# taz.de -- Repressionen in der Türkei: Gegen die Pressefreiheit
       
       > Das kritische Onlineportal „Bianet“ soll in der Türkei blockiert werden.
       > Die Macher wollen sich gegen den Gerichtsbeschluss wehren.
       
 (IMG) Bild: Repression: Kritische Töne, wie hier von Umweltaktivisten, verstummen in der Türkei zunehmend
       
       Istanbul taz | Der Zugang zum ältesten linksalternativen
       Online-Nachrichtenportal der [1][Türkei], [2][Bianet], ist laut einem
       Gerichtsbeschluss blockiert – zusammen mit 135 anderen Internetadressen,
       darunter Videos auf YouTube und dem Twitterkonto eines kurdischen
       Parlamentsabgeordneten. Sie alle gefährdeten die „nationale Sicherheit“.

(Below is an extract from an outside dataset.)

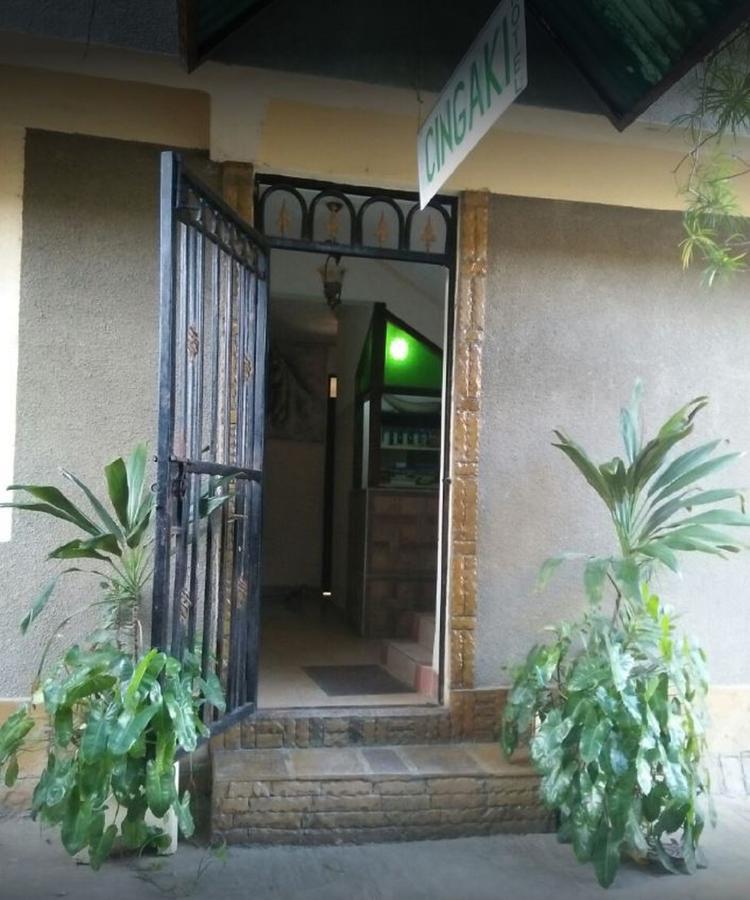 Cingaki Hotel Mombasa Eksteriør bilde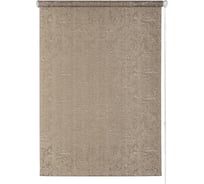 Мини роллета LEGRAND Фрост 98 на 175, бежево-серый ГП 58087276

       Betroffen sind nicht einzelne Artikel, sondern blockiert ist das gesamte
       Nachrichtenportal. „Damit“, so die Anwältin von Bianet, Meriç Eyüboğlu,
       „wird der Zugang zu mehr als 200.000 Artikeln gesperrt.“ Das Gericht hatte
       am Dienstagnachmittag den Beschluss veröffentlicht, die Bianet-MacherInnen
       wurden nicht direkt informiert. Am Mittwoch war die Seite noch zugänglich,
       sie könne aber „in jedem Moment“ blockiert werden, so Eyüboğlu.
       
       Bianet wurde 1997 gegründet und ist damit das erste und älteste
       Online-Nachrichtenportal der Türkei. Von Beginn an hat Bianet vor allem
       über Menschenrechtsverletzungen, speziell Gewalt gegen Frauen, und
       Einschränkungen der Meinungsfreiheit berichtet. Über Jahre hat Bianet
       Lokaljournalisten eine Plattform für ihre Berichte geboten. Zeitweilig
       wurde Bianet auch aus dem EU-Fonds zur Unterstützung der türkischen
       Zivilgesellschaft mitfinanziert. Bianet hat außer der Verbreitung
       unterdrückter Nachrichten auch Workshops zur Ausbildung von Journalisten
       gemacht. Über viele Jahre war das Portal die verlässlichste Quelle in den
       Bereichen Pressefreiheit und Frauenrechte. „Diese Gerichtsorder ist ein
       Justizskandal“, sagte Eyüboğlu, „wir werden dagegen vor dem
       Verfassungsgericht Beschwerde einlegen.“ Auf der Bianet-Website ist bereits
       eine Solidaritätskampagne angelaufen.
       
       Obwohl das Gericht über die allgemeine Floskel der „Gefährdung der
       nationalen Sicherheit“ hinaus keine spezifizierten Gründe für die
       Schließung von Bianet angegeben hat, haben die Macher dennoch eine
       Vermutung, was der Grund für die Blockade sein könnte. Der Beschluss wurde
       vom Generalkommando der Gendarmerie am 16. Juli beantragt und erlassen,
       einen Tag bevor der Gezi-Prozess fortgesetzt wurde, bei dem 16 exponierte
       Angehörige der türkischen Zivilgesellschaft wegen angeblichen versuchten
       Umsturzes angeklagt sind. Auf Bianet war laufend über den Prozess berichtet
       worden. „Das hat sie vielleicht gestört“, sagte Eyüboğlu.
       
       Zwar existieren in der Türkei mit T-24, Diken und anderen
       Nachrichtenportalen im Internet außer Bianet immer noch Quellen, um sich
       jenseits der staatlich gelenkten Zeitungen und TV-Kanäle zu informieren.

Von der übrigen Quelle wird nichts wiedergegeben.